Bien, ha llegado el momento de hacerte una confesión. Hace un año y medio Arnold empezó a trabajar para mí, y pronto llegó a ser mi principal asistente. Es brillante, y es malo. Debes interpretar malo según lo usábamos en Radcliffe, como una debilidad. Cuando lo aplicábamos a un amigo varón, significaba que era homosexual. Arnold (y no debes jamás repetir esto) oculta cuidadosamente sus predilecciones. Dice que desde que ingresó en la Compañía decidió renunciar al sexo, pero yo no le creo. Aun así, él lo jura. Supongo que debe hacerlo. Al parecer, en la escuela secundaria era bastante marica. Difícil de imaginar. En ese tiempo habrá usado gafas, habrá sido el estudiante elegido para pronunciar el discurso de despedida de su promoción, cargado de honores y distinciones. Pero, según él, una parte de su ser se inclinaba hacia la degradación, el envilecimiento. Cuando se lo conoce (y deja de lado esa admiración de perro faldero que solía demostrar hacia Hugh) es un curioso perverso y muy gracioso. Cuando le pregunté cómo logró pasar el detector de mentiras durante el ingreso, me dijo:

—Querida mía, nosotros sabemos hacerlo. Es parte de nuestra ciencia.

—Pero, ¿cómo? —insistí.

—No puedo decírtelo. Podría ofender tu sentido del decoro.

—No tengo ningún sentido del decoro —le dije. —Kittredge, eres la persona más inocente que conozco.

—Dímelo —volví a insistir.

—Querida mía, comemos muchas alubias.

—¿Alubias?

No entendía qué quería decir. En absoluto.

—Una vez que sabes cuándo te harán la prueba, el resto es sólo una pequeña incomodidad. Comes un buen plato de alubias.

Le di un golpe en la mano.

—Arnie, eres un mentiroso psicopático.

—No lo soy. Mientras te hacen las preguntas, no piensas más que en los intestinos. A tu mente le da igual que digas o no la verdad cuando su principal preocupación es controlar el esfínter. Te diré que el examinador se enfadó muchísimo conmigo. «No hay caso. Usted es uno de ésos que viven bajo una tensión general.» «Lo siento, señor —le dije—, debe de ser algo que comí.»

Harry, es un verdadero demonio. Si no hubiera pensado antes en Alfa y Omega, Arnie Rosen me lo habría sugerido. Tiene dos personalidades distintas: la que supongo tú conoces, y esta otra, totalmente diferente para mí.

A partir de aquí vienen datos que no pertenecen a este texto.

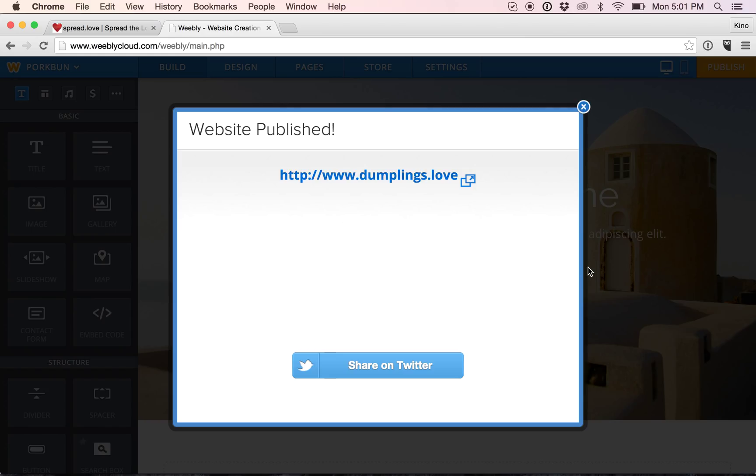If you're curious about how to set up email or how to use Google Apps, check out our other videos where we will explain that.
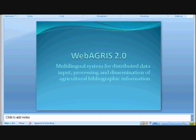Hi, I'm going to talk about the WebAgris tool. WebAgris is a model for processing and dissemination of agricultural bibliographic information used in the ortho-memorial library.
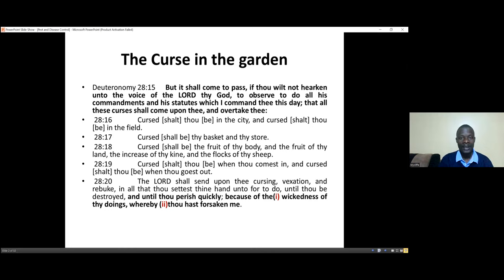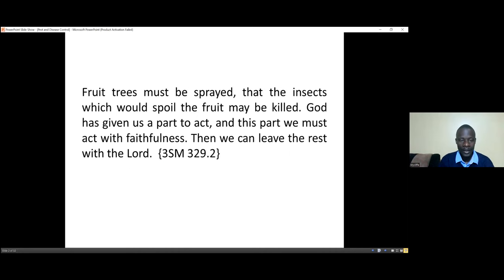When we forsake the Lord and say His ways are difficult to follow, we cannot succeed in fighting depraved soils. In 3SM 329.2 it says: fruit trees must be sprayed so that insects which spoil the fruit may be killed. God has given us a part to act, and this part we must act with faithfulness — then we can leave the rest with the Lord. We were given dominion over every creature and over the earth.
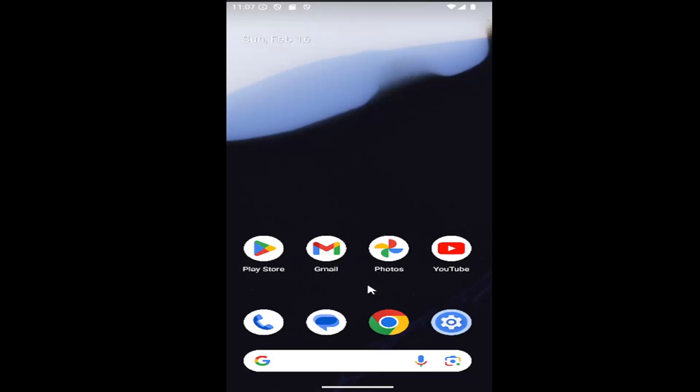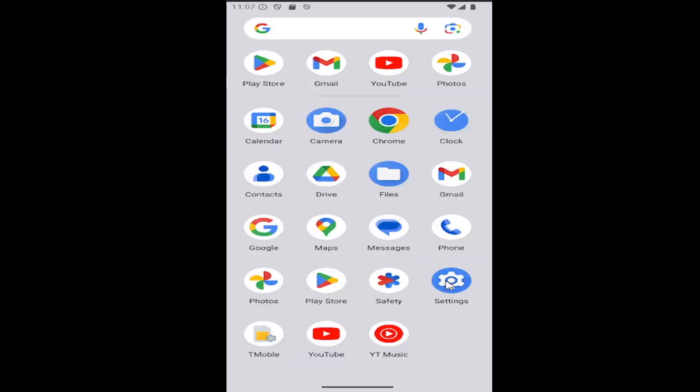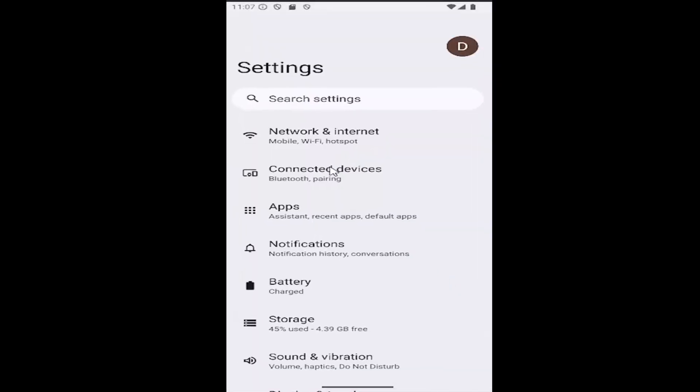So all you have to do is swipe up on your home screen and you want to select the settings gear button. And then you want to select your Google account icon on the top right. Go ahead and select that.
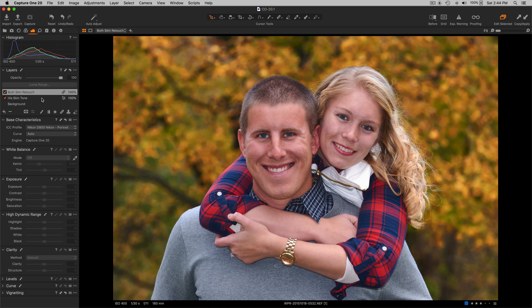Hi everyone, my name is Walter Rowe. I'm a Capture One affiliate and I wanted to show the capabilities of the new Heal Tool in Capture One 20 update 13.1.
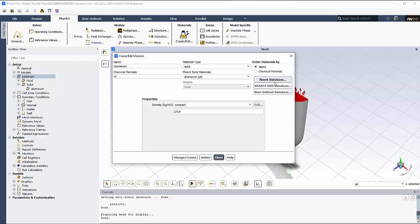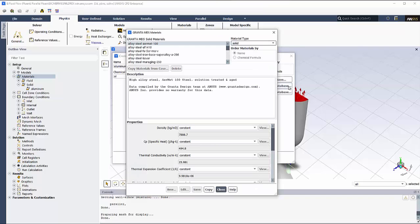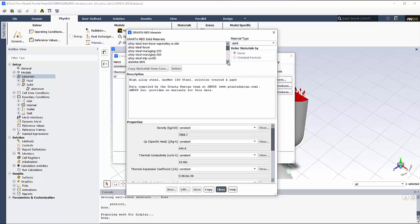The Granta Materials Data for Simulation Database can be selected on the pop-up window. Users can navigate in the list to find a material of interest.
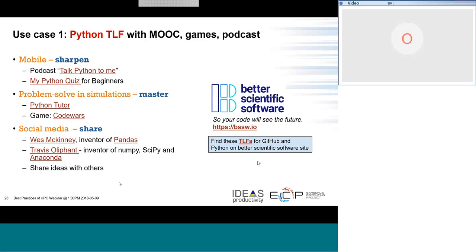We also have longer topics — great videos given by the National Labs, Python tutorials on GitHub, and other workshops and Jupyter Notebooks for studying. These are actually really great resources for getting started in Python. For sharpening your skill set from a mobile device, there's a podcast about Python and online Python quizzes, especially for beginners. The game Code Wars might be one you want to try for problem solving in simulations if you're learning Python. For social media, you may want to follow some Python gurus who tweet about events and different aspects of Python.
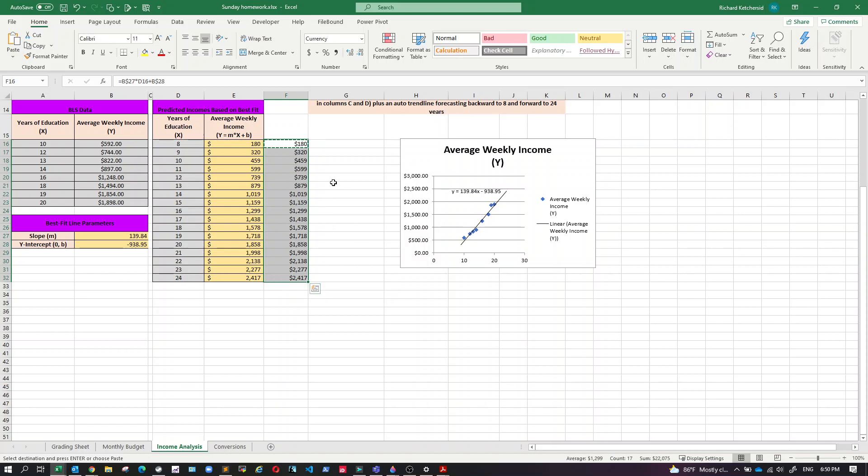But Excel fills all that out for me, right? I type that one formula and Excel does the rest of the work for me. That's the way you want to do the sheet.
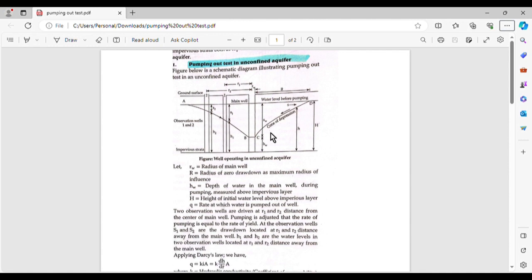Today we are going to take the coefficient of permeability. I am going to cover the pumping out test and do a numerical example. The coefficient of permeability can be determined by the lab method or the field method. In the lab method, we have the constant head method and the variable head method. In the field method, we have the pumping in or pumping out method.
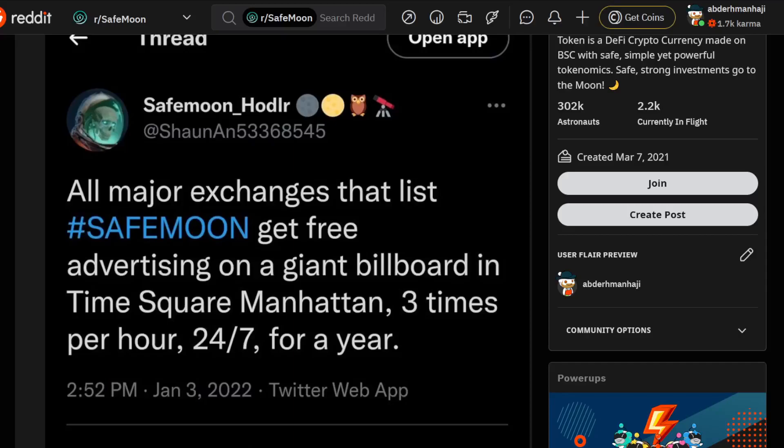This guy is literally crazy. He's offering major exchanges that list SafeMoon free advertisement on a giant billboard in Times Square Manhattan, three times per hour, 24/7, for a year. What pushes him? What motivates him to do something like that? Is it because he's putting a lot of money in SafeMoon?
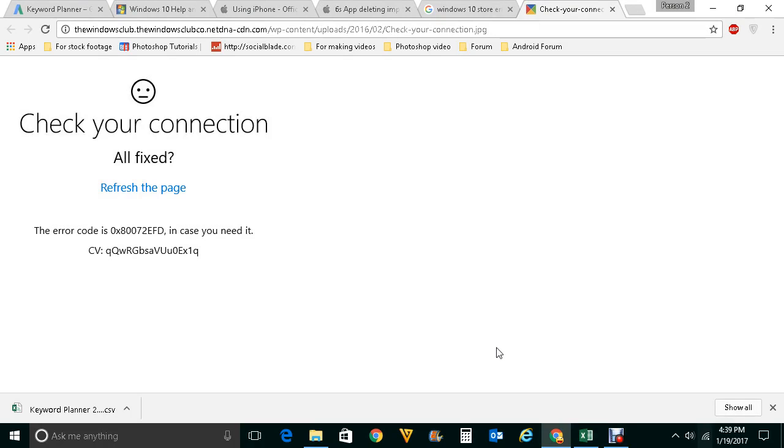Hello everyone and welcome to my YouTube channel. In this video today we will see what to do if we get an error code like this one, 0x80072EFD, while using internet, downloading updates, or opening Microsoft Store in Windows 10.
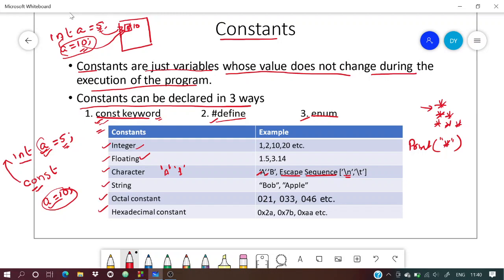The compiler needs to know it should go to the next line, because you can't just press Enter in the code — that won't work. To provide this functionality, special characters are used. You write: print star, then \n, which is for new line.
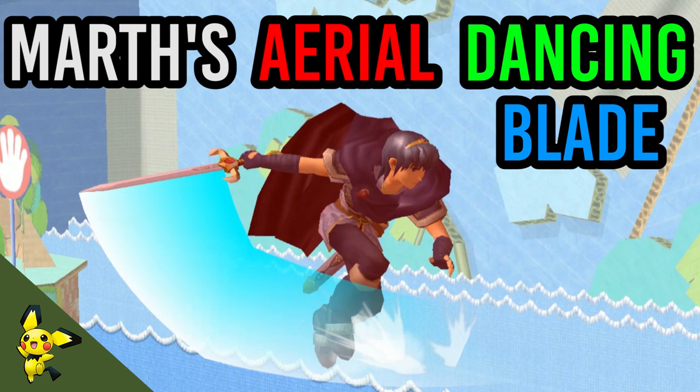What's up guys? It's me, CDK! In this tutorial, I'll be teaching you about Marth's Aerial Dancing Blade and how you can use it to recover optimally.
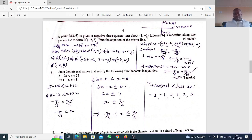Negative 6 plus 1 gives negative 5, and negative 5 minus 2 gives negative 7. Then 3 minus 1 gives 2, and 2 minus 2 gives 0. So the first image R1 is negative 7, 0. The second image R2 is given as negative 2, 8.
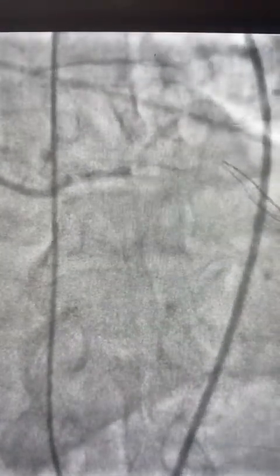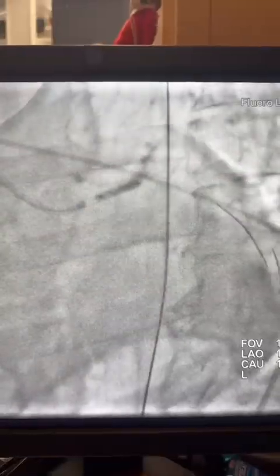This is a JL guide catheter, JL-4, and then there is a run-through wire. Here is the first balloon to ostium — 2.0 — then upgraded to a 3.0 NC balloon, and then Shockwave 3.5.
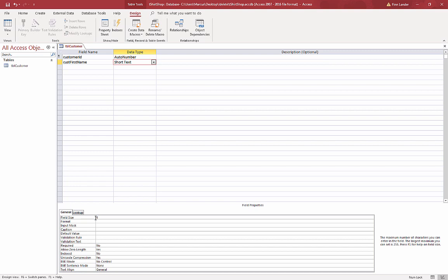Short text is fine. You can reduce the field size if you like. I'm going to go down to 40. The benefit of doing this now is when we create the form to add the data to the table, this will be the actual length of the field in the layout of the form.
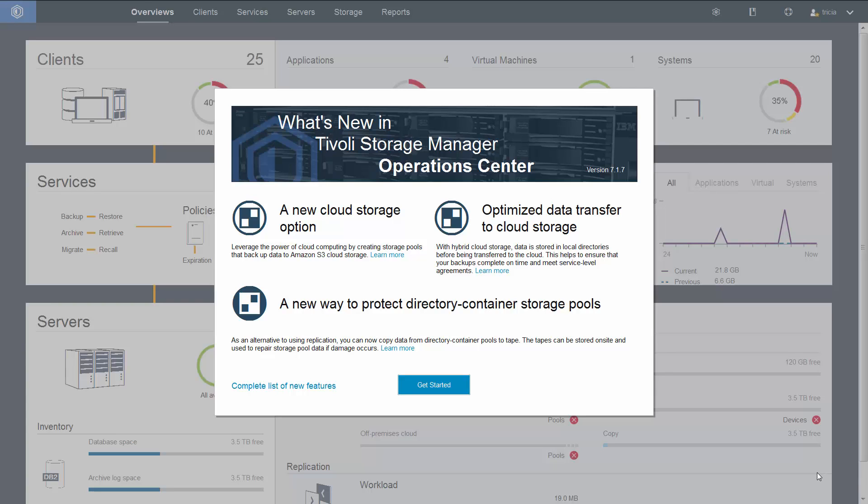Welcome to version 7.1.7 of the Spectrum Protect Operations Center. In this demo, I'm going to show you how to set up a copy to tape for a directory container storage pool.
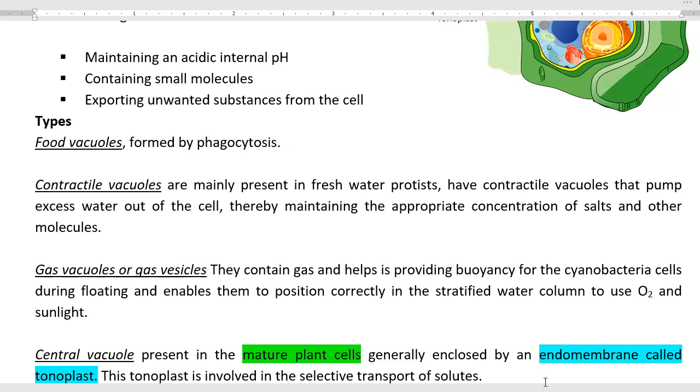Thereby, contractile vacuoles maintain an appropriate concentration of salts and other small molecules inside the cell.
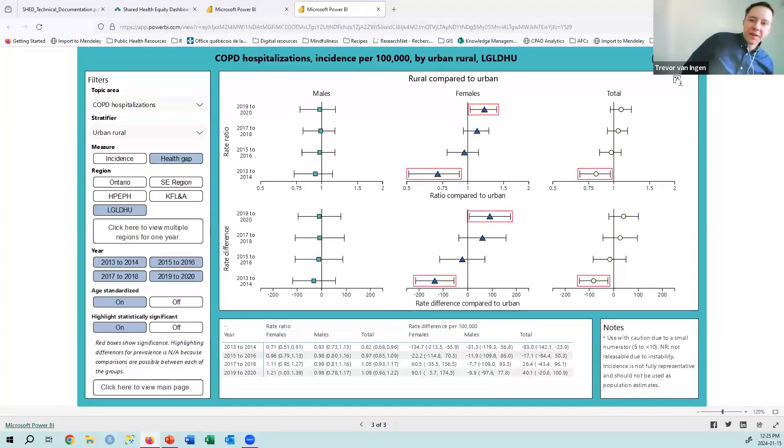Thank you very much, Megan. We're now moving on to the Q&A segment to address questions from our audience. Please continue to enter your questions into the Q&A pod. I noticed you use the INSPQ deprivation index — can you talk a bit more about that decision to use that particular deprivation index rather than one of the alternatives?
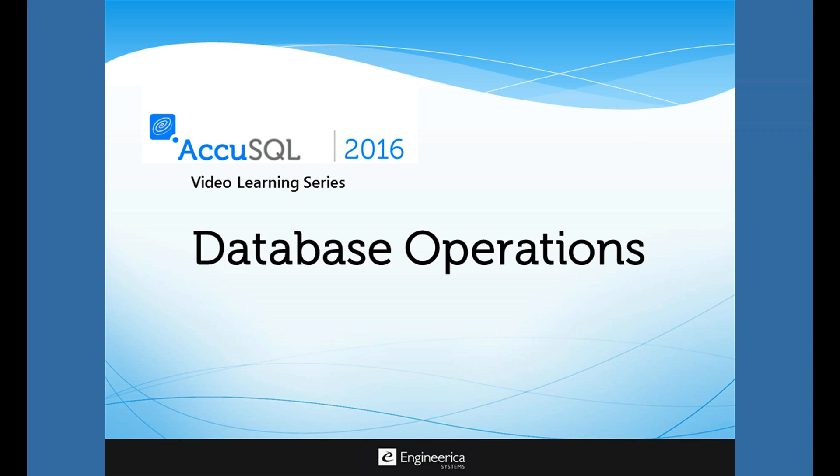Let's go over some of the various database operations that you may be performing in AccuSQL 2016. I'm going to be updating an older database to AccuSQL 16 version, show you how to create a blank database using AccuSQL 2016, how to transfer a native database to SQL Server. That would be if you had an old AccuTrack database and you upgraded the software to the SQL version. I'll show you how to transfer that database to SQL Server.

Creo que Hugh lo hizo ingresar en mi grupo para que tuviera por lo menos a un tipo inteligente. Por cierto, despierta mi desmedida curiosidad por algunas de las extrañas personas con las que me cruzo en los pasillos. Rosen está lleno de rumores acerca de lo que pasa a nuestro alrededor. «Kittredge, percibe el aura que emana de esa puerta cerrada. ¡Es la guarida de Drácula!»

Lo acepto. Creo en eso. Pero después me pregunto si no seré hipersensible al ocultismo. (Como recordarás, el verano pasado topé con el fantasma de Augustus Farr en la Custodia, y, según mi febril recuerdo, cojeaba como Allen en un mal día. Ja, ja, ja.)

Bien, quiero que retrocedas unos años en el tiempo. A la época en que vivía envuelta en algodones. Allen Dulles se había enamorado a tal punto de mi tesis sobre Alfa y Omega que me proveyó de fondos desde el primer momento. Al completar mi período de instrucción en la Granja —¿recuerdas que ése fue el verano en que nos conocimos?— me instaló, junto con otros cinco graduados en psicología, en la universidad de Cornell. Los otros ni siquiera sabían que el dinero de sus becas provenía de la Agencia. Otra delicada tapadera. Cada dos semanas yo viajaba en avión para asistir a mi seminario en Ithaca, para ver cómo progresaban las investigaciones.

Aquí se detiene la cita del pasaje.